Monday, 1 November 2010

Universities ‘should employ watchdogs against discriminatory extremism’


Universities should employ watchdogs to guard against religious extremism, a report has said.

According to a report from the Quilliam Foundation, student unions should be responsible for hiring someone to discourage religious societies from booking extremist speakers, managing disputes between different student groups and challenging “sub-criminal extremism”.

The report uses City University in London as a case study, citing incidents in the last academic year.

It accused some members of the Islamic society of intimidating gay, female and Jewish students, as well as those who worked on the student newspaper.

Last November, the institution’s Islamic society was visited by a Birmingham-based imam who has said gays should be killed.

Abu Usamah was secretly filmed for the Channel 4 programme in January 2007 saying: “Take that homosexual man. . .and throw him off the mountain. . . If I was to turn around and I was to call homosexuals perverted, dirty filthy dogs that should be murdered, that’s my freedom of speech isn’t it?”

The Quilliam report quoted a senior member of City University’s LGBT society who said he believed that the Islamic society had contributed to a rise in campus homophobia in the last year.

The student said he was “scared” by the Islamic society.

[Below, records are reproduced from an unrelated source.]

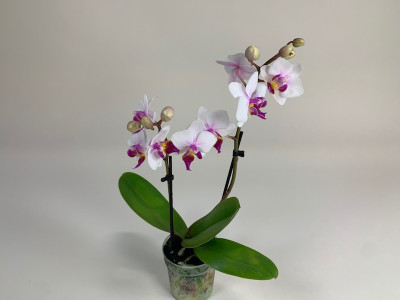 Doritaenopsis Alice (3 Rispen)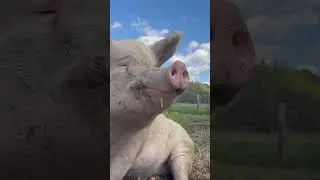 PIG CRACKS ASMR 🐖 Animal Chiropractor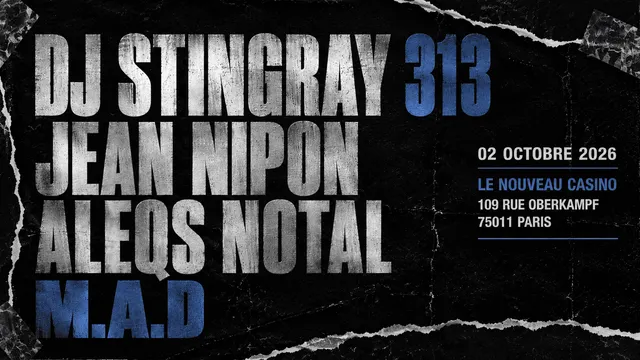 DJ Stingray 313
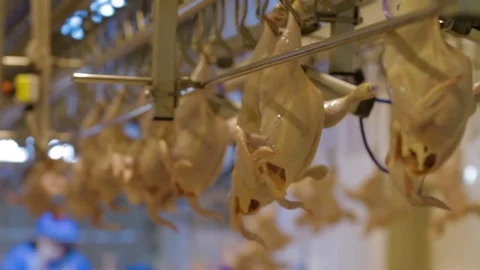 Poultry meat during production process Stock Footage 70584071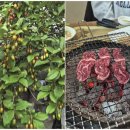 금화불고기 | 언양금화 불고기 방문 후기 | 제대로 맛본 언양 맛집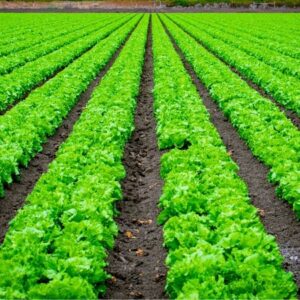 The science of soil management and crop production. Green crops in a row.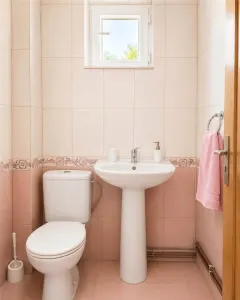 Ulmeni Appartement 3 Chambres Rez-de-Chaussée avec Garage et Débarras - foto 8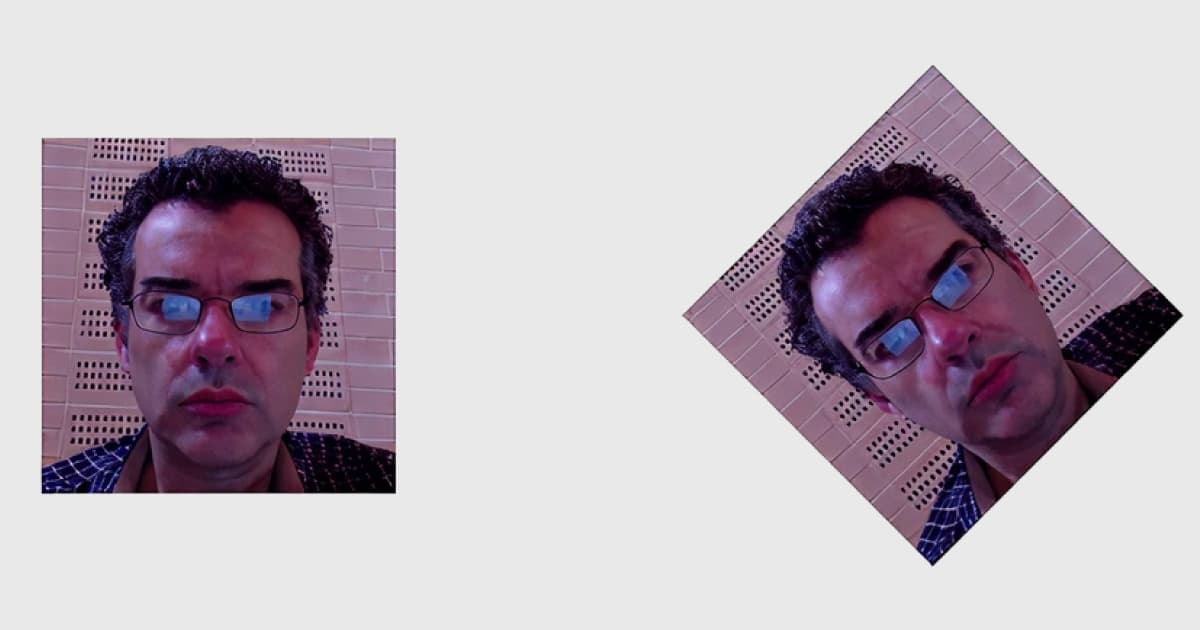 Two images of John Daintree side by side during his Dyalog ’14 presentation, demonstrating a shear transformation — one upright and the other rotated diagonally against a light background.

He added that some LGBT Muslim students had enquired about joining the LGBT society but did not come to meetings and theorised that the atmosphere on campus left them feeling unable to be open about their sexuality.

The Quilliam report said that some members of the Islamic society had allegedly described women as “deficient” and had called for those who do not pray to be killed.

It recommended that student unions should hire a watchdog to check the activities of societies, as some US universities do. Student unions should employ a “horizon-scanning” approach and research possible society speakers, the report said.

A Quilliam society spokesman said: “University campuses have been recognised by policy-makers as key places where Islamist ideologies can spread, but the processes of radicalisation involved have often remained unclear.”

Gay rights campaigner Peter Tatchell, who called for the vice-chancellor of City University to resign after Abu Usamah’s visit, said that the report had exposed homophobia, anti-semitism and sexism on campus.

He said: “This report is a wake-up call to complacent university authorities and student unions. They too often look the other way while Islamists foment hatred and intolerance among the student population.”